TO DO – What appears from the first line of the records below through the line containing "Marker olejowy extra fine złoty to-442 5" must be reproduced verbatim.

Data excerpts:
━━━━━━━━━━━━━━━━━━━━

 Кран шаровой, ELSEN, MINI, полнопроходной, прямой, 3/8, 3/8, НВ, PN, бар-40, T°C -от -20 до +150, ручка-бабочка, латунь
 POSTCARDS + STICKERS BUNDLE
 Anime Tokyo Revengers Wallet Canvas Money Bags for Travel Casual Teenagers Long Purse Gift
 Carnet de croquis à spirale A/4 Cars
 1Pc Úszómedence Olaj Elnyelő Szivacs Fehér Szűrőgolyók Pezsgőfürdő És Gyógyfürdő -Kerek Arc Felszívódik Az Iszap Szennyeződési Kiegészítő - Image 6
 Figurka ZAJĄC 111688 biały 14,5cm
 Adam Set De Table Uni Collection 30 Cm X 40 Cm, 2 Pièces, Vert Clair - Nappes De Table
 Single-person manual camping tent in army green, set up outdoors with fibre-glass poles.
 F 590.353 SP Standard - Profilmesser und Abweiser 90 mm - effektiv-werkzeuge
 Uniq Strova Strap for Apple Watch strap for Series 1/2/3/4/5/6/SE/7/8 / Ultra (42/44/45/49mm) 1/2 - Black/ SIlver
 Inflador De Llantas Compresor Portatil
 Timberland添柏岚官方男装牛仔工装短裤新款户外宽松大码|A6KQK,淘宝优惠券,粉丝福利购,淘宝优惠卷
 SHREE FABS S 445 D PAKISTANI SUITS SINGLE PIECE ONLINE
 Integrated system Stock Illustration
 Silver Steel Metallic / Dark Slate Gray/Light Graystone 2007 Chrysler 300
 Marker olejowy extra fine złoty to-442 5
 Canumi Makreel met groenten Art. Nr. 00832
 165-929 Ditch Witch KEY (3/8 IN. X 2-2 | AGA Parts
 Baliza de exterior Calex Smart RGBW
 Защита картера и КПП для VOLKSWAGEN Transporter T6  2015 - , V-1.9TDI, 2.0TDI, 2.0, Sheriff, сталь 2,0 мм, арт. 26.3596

━━━━━━━━━━━━━━━━━━━━

EXERCISE OUTPUT –
 Кран шаровой, ELSEN, MINI, полнопроходной, прямой, 3/8, 3/8, НВ, PN, бар-40, T°C -от -20 до +150, ручка-бабочка, латунь
 POSTCARDS + STICKERS BUNDLE
 Anime Tokyo Revengers Wallet Canvas Money Bags for Travel Casual Teenagers Long Purse Gift
 Carnet de croquis à spirale A/4 Cars
 1Pc Úszómedence Olaj Elnyelő Szivacs Fehér Szűrőgolyók Pezsgőfürdő És Gyógyfürdő -Kerek Arc Felszívódik Az Iszap Szennyeződési Kiegészítő - Image 6
 Figurka ZAJĄC 111688 biały 14,5cm
 Adam Set De Table Uni Collection 30 Cm X 40 Cm, 2 Pièces, Vert Clair - Nappes De Table
 Single-person manual camping tent in army green, set up outdoors with fibre-glass poles.
 F 590.353 SP Standard - Profilmesser und Abweiser 90 mm - effektiv-werkzeuge
 Uniq Strova Strap for Apple Watch strap for Series 1/2/3/4/5/6/SE/7/8 / Ultra (42/44/45/49mm) 1/2 - Black/ SIlver
 Inflador De Llantas Compresor Portatil
 Timberland添柏岚官方男装牛仔工装短裤新款户外宽松大码|A6KQK,淘宝优惠券,粉丝福利购,淘宝优惠卷
 SHREE FABS S 445 D PAKISTANI SUITS SINGLE PIECE ONLINE
 Integrated system Stock Illustration
 Silver Steel Metallic / Dark Slate Gray/Light Graystone 2007 Chrysler 300
 Marker olejowy extra fine złoty to-442 5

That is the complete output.